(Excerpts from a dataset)
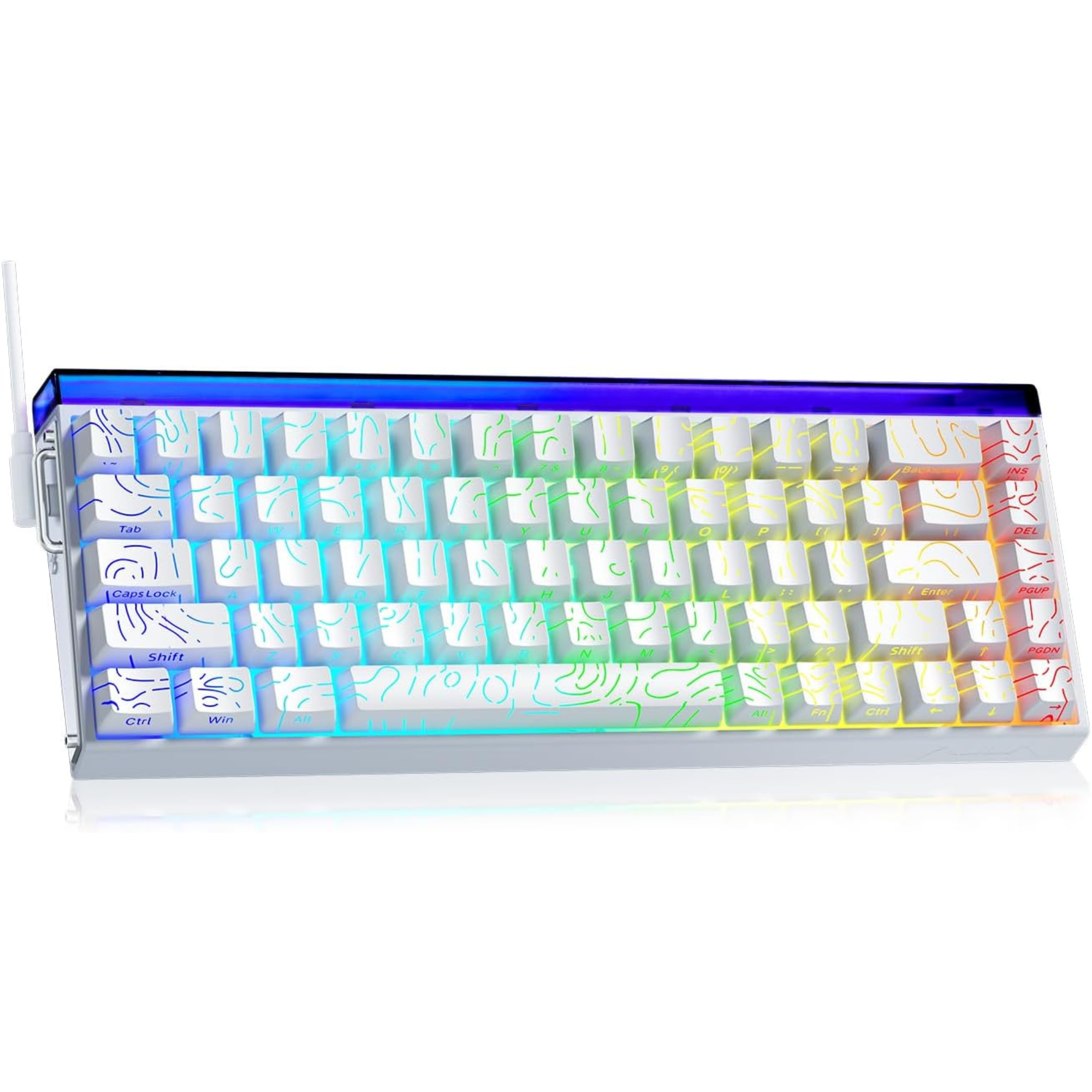 Colorful keyboard backlight with a white base on a white background
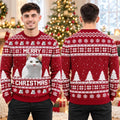 Cute Cat Merry Christmas Red And White Ugly Christmas Sweater Xmas Presents For BFF - Gearneko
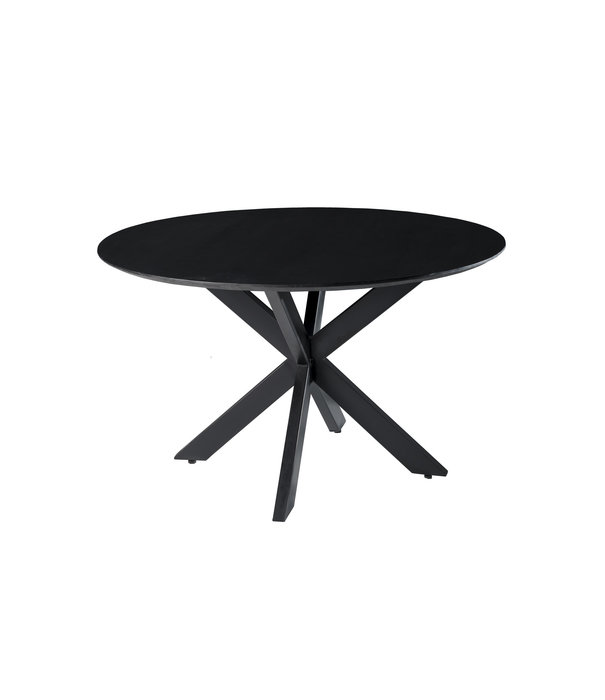 Duverger® Nordic - Table de salle à manger - acacia - noir - ronde - dia 120cm - pied araignée - acier laqué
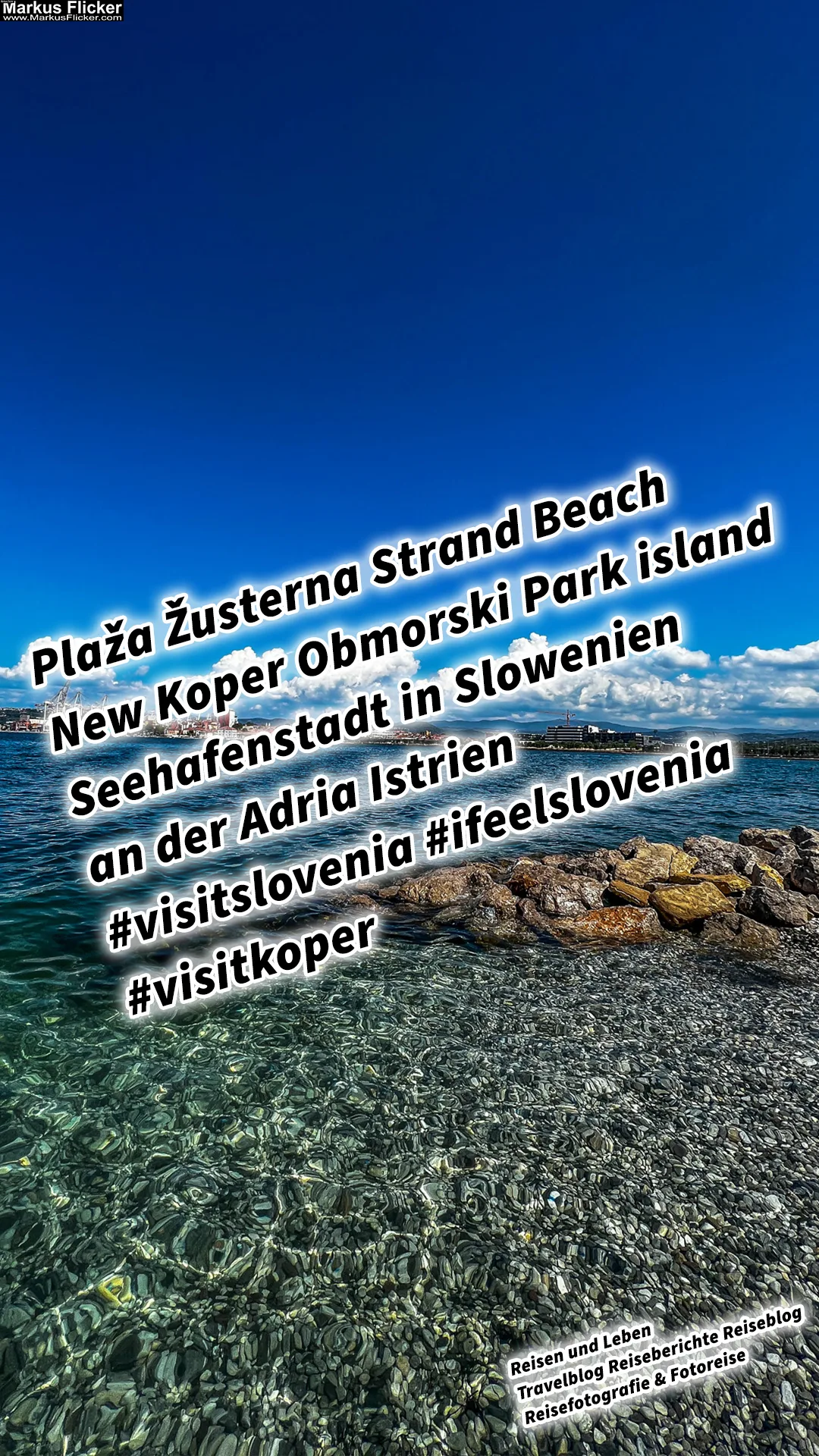 Mehr über den Artikel erfahren Plaža Žusterna Strand Beach New Koper Obmorski Park Island Seehafenstadt in Slowenien an der Adria Istrien #visitslovenia #ifeelslovenia #visitkoper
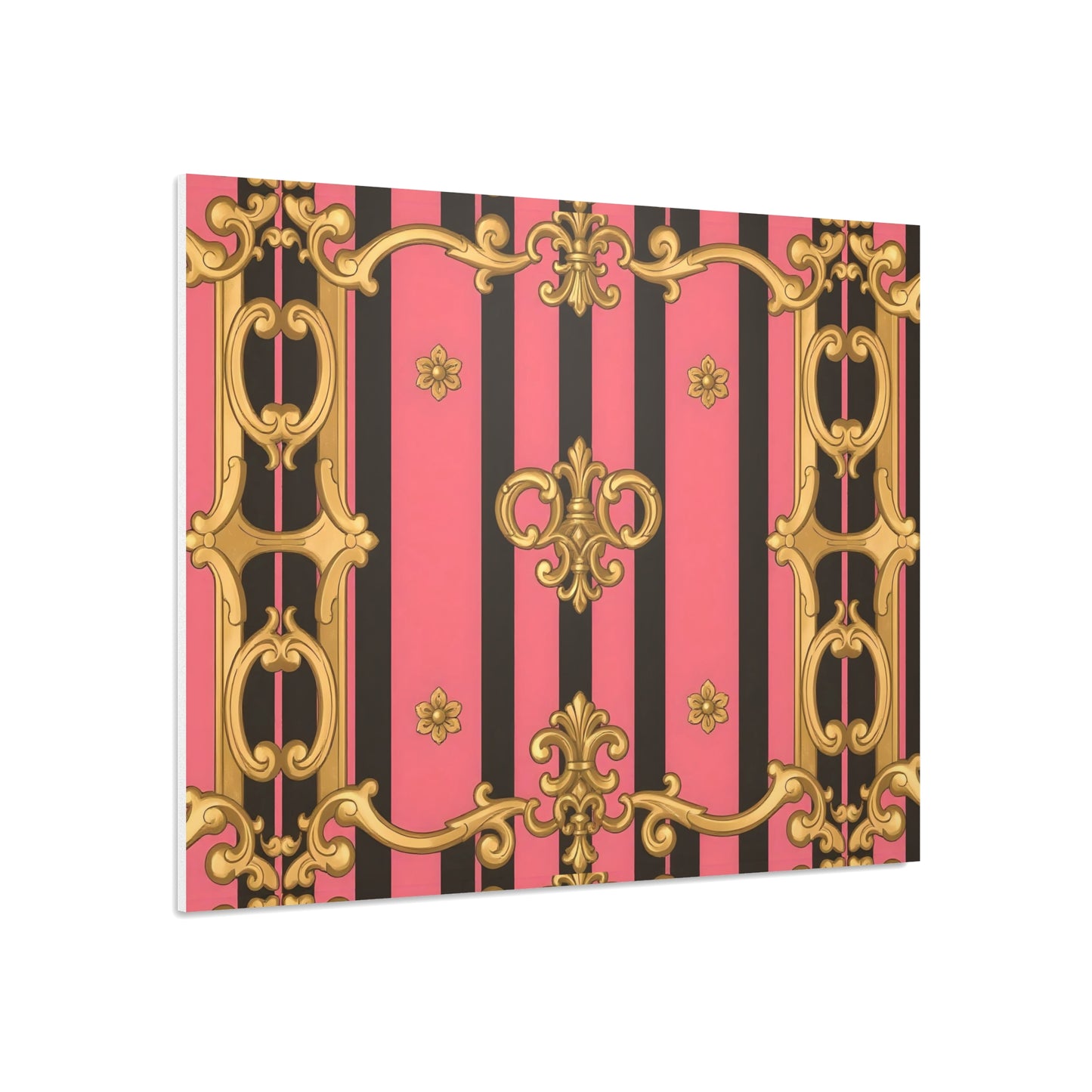 Elegant Decorative Foam Board - Chic Wall Decor, Glam Home Art, Stylish Backdrop, Gift for Her - Pink & Black Striped Gold Baroque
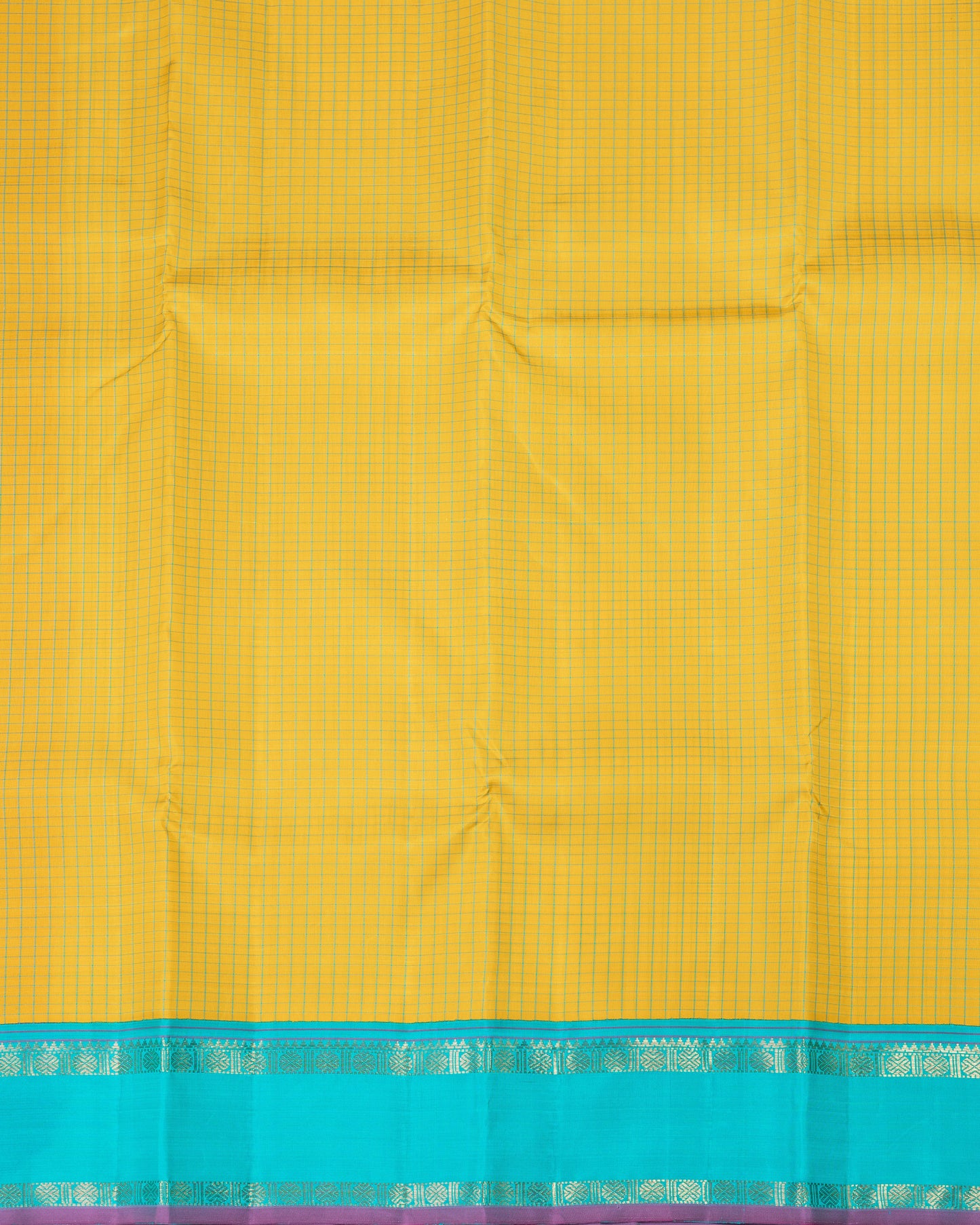 PURE LEMON YELLOW BODY WITH GANGA, JAMUNA BORDER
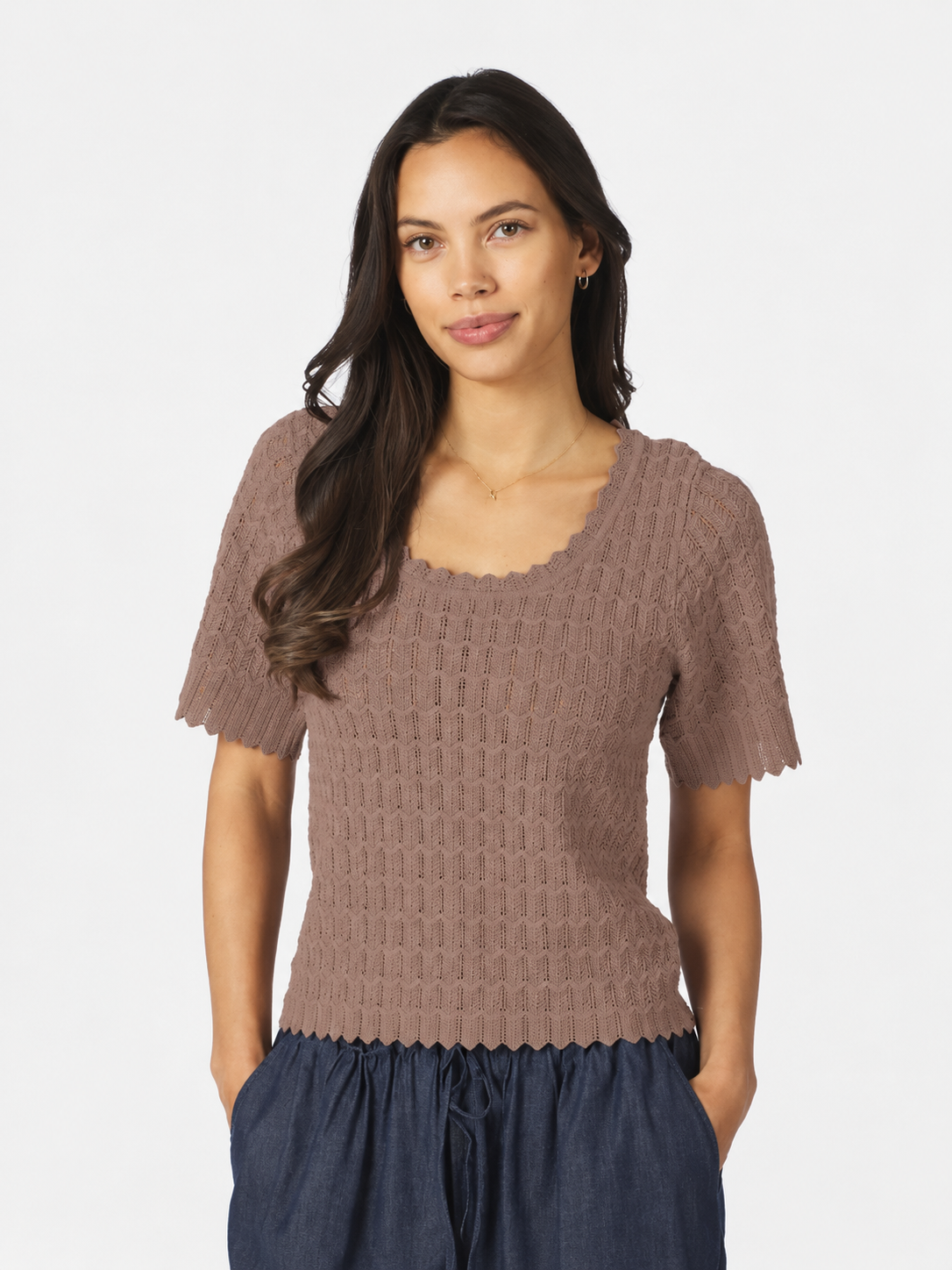 MEIKO FINE CROCHET BLOUSE 214 TAUPE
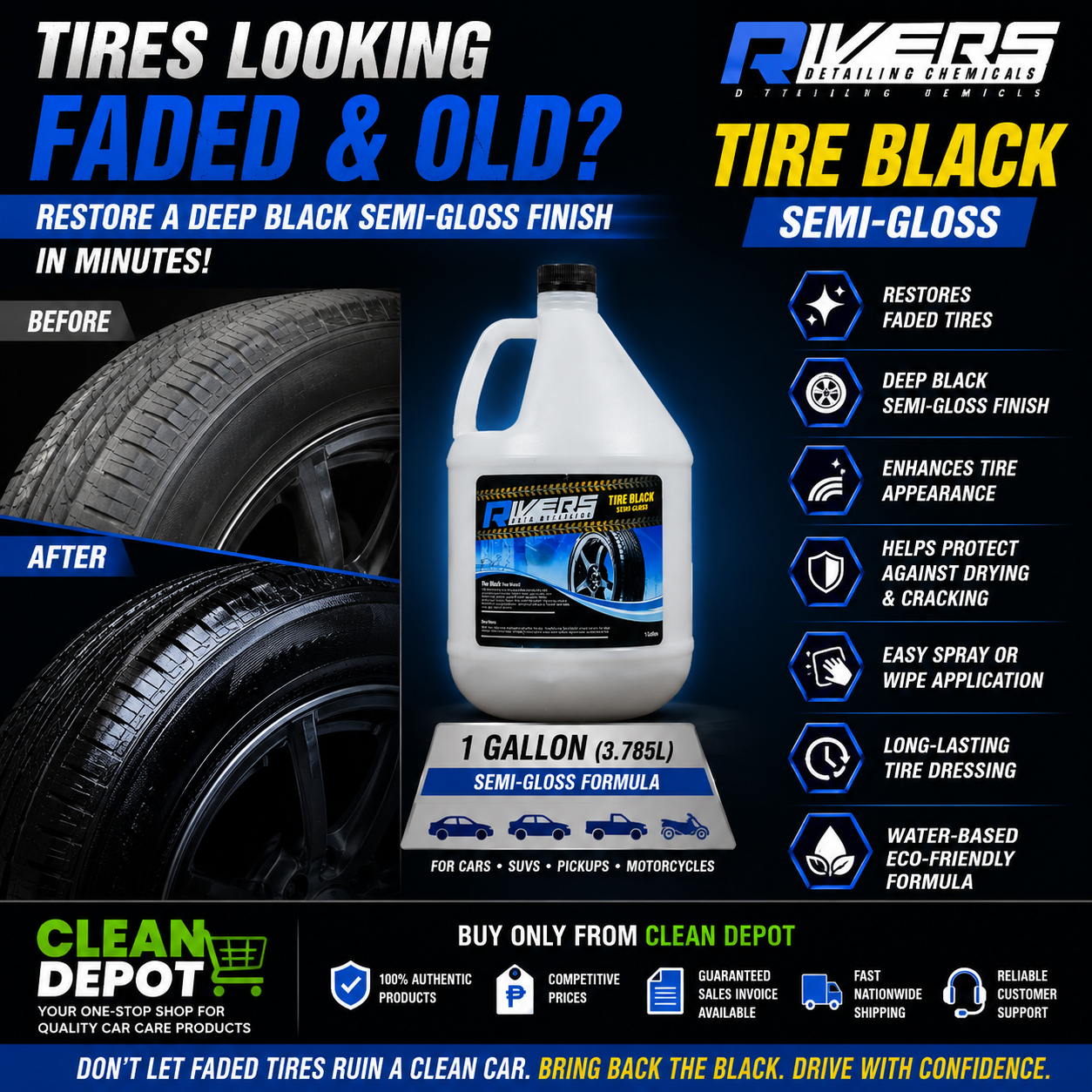 Rivers Tire Black 1 Gallon | Semi-Gloss & Biodegradable Tire Restorer Protectant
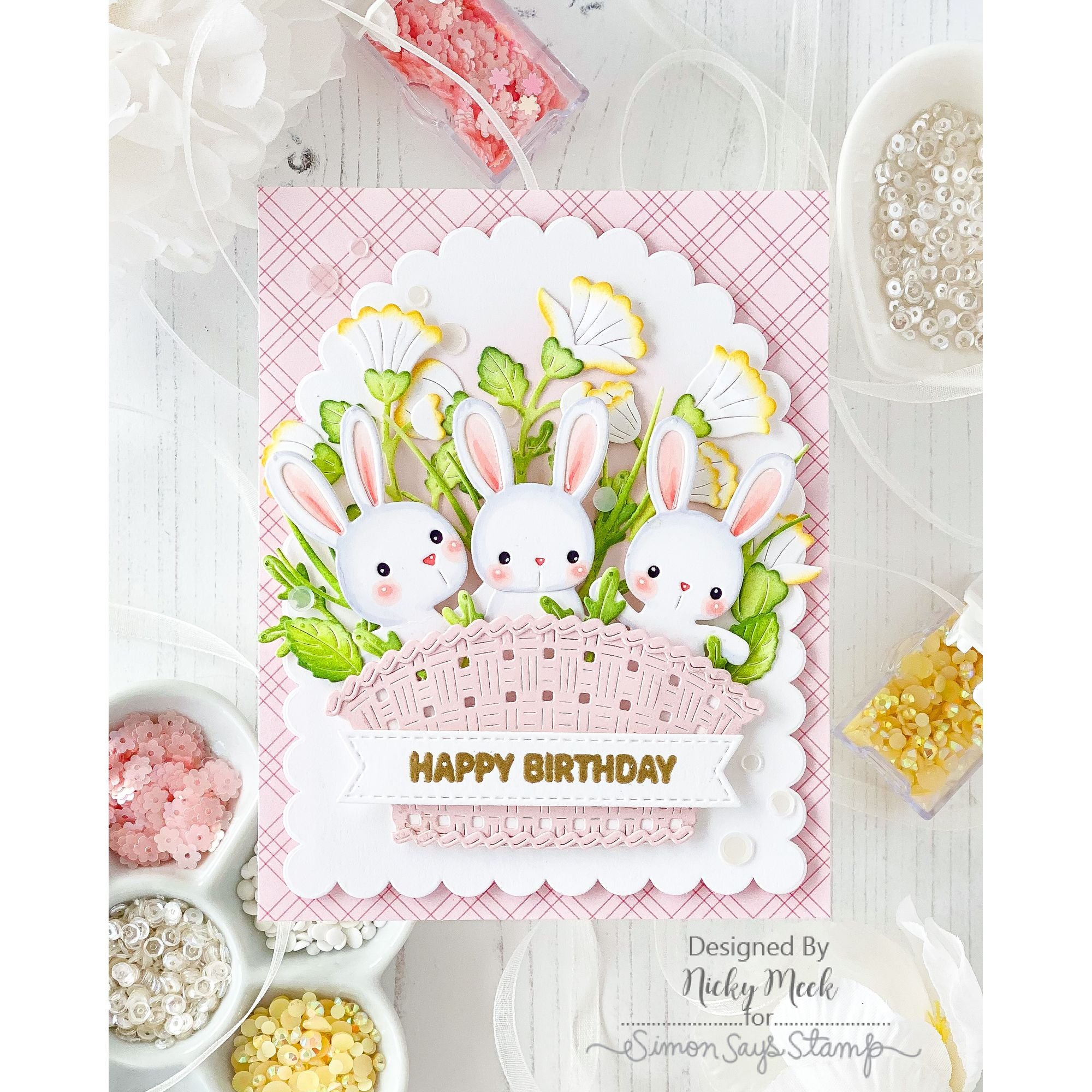 Simon Says Stamp Balloon Bunny Wafer Dies s1116 In My Heart Springtime Birthday Card Nicky Meek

[What is required] Give again, unchanged, only the lines from the line containing "PURE LEMON YELLOW" to the last line of the records above. Pictures do not belong in the copy.

[Solved problem]
 PURE LEMON YELLOW BODY WITH GANGA, JAMUNA BORDER
 MEIKO FINE CROCHET BLOUSE 214 TAUPE
 Rivers Tire Black 1 Gallon | Semi-Gloss & Biodegradable Tire Restorer Protectant
 Simon Says Stamp Balloon Bunny Wafer Dies s1116 In My Heart Springtime Birthday Card Nicky Meek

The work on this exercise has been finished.